Benchmarking Foundation Models for Mitotic Figure Classification

The performance of deep learning models is known to scale with data quantity and diversity. In pathology, as in many other medical imaging domains, the availability of labeled images for a specific task is often limited. Self-supervised learning techniques have enabled the use of vast amounts of unlabeled data to train large-scale neural networks, i.e., foundation models, that can address the limited data problem by providing semantically rich feature vectors that can generalize well to new tasks with minimal training effort increasing model performance and robustness. In this work, we investigate the use of foundation models for mitotic figure classification. The mitotic count, which can be derived from this classification task, is an independent prognostic marker for specific tumors and part of certain tumor grading systems. In particular, we investigate the data scaling laws on multiple current foundation models and evaluate their robustness to unseen tumor domains. Next to the commonly used linear probing paradigm, we also adapt the models using low-rank adaptation (LoRA) of their attention mechanisms. We compare all models against end-to-end-trained baselines, both CNNs and Vision Transformers. Our results demonstrate that LoRA-adapted foundation models provide superior performance to those adapted with standard linear probing, reaching performance levels close to 100% data availability with only 10% of training data. Furthermore, LoRA-adaptation of the most recent foundation models almost closes the out-of-domain performance gap when evaluated on unseen tumor domains. However, full fine-tuning of traditional architectures still yields competitive performance.

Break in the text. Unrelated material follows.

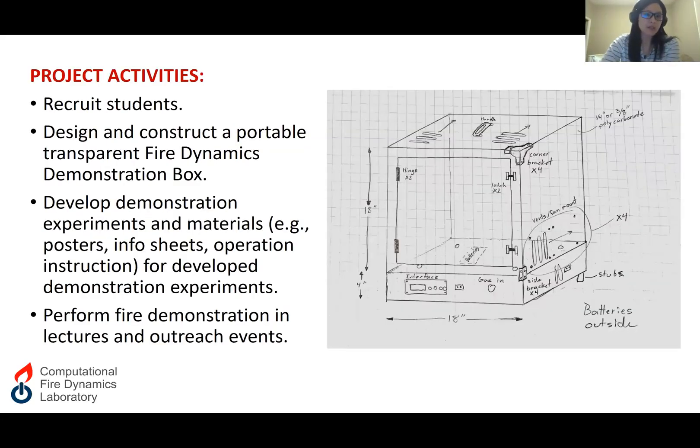Here are some of the project activities. The first thing I did is recruit a student team. The student team consists of five undergrad students, ranging from sophomore to senior students, and most of the team members are from underrepresented groups in STEM. Over the last few months, the team has been operating at a very high level. They selected their own team captain regularly and updated me on their progress in a very timely manner. I'm very happy with this team.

翻译：众所周知，深度学习模型的性能会随着数据量和多样性的增加而提升。在病理学以及许多其他医学影像领域中，针对特定任务的标注图像可用性通常有限。自监督学习技术使得能够利用大量未标注数据来训练大规模神经网络，即基础模型。这些模型通过提供语义丰富的特征向量，能够以最小的训练成本很好地泛化到新任务上，从而提高模型性能和鲁棒性，从而解决数据有限的问题。在本工作中，我们研究了基础模型在有丝分裂像分类中的应用。从该分类任务中可推导出的有丝分裂计数，是特定肿瘤的独立预后标志物，也是某些肿瘤分级系统的一部分。具体而言，我们研究了多个当前基础模型的数据缩放规律，并评估了它们对未见肿瘤域的鲁棒性。除了常用的线性探测范式外，我们还通过对其注意力机制进行低秩适应（LoRA）来调整模型。我们将所有模型与端到端训练的基线模型（包括CNN和Vision Transformer）进行了比较。我们的结果表明，经过LoRA调整的基础模型比使用标准线性探测调整的模型具有更优的性能，仅使用10%的训练数据即可达到接近100%数据可用性的性能水平。此外，对最新基础模型进行LoRA调整，在未见肿瘤域上评估时，几乎消除了域外性能差距。然而，对传统架构进行完全微调仍然能获得有竞争力的性能。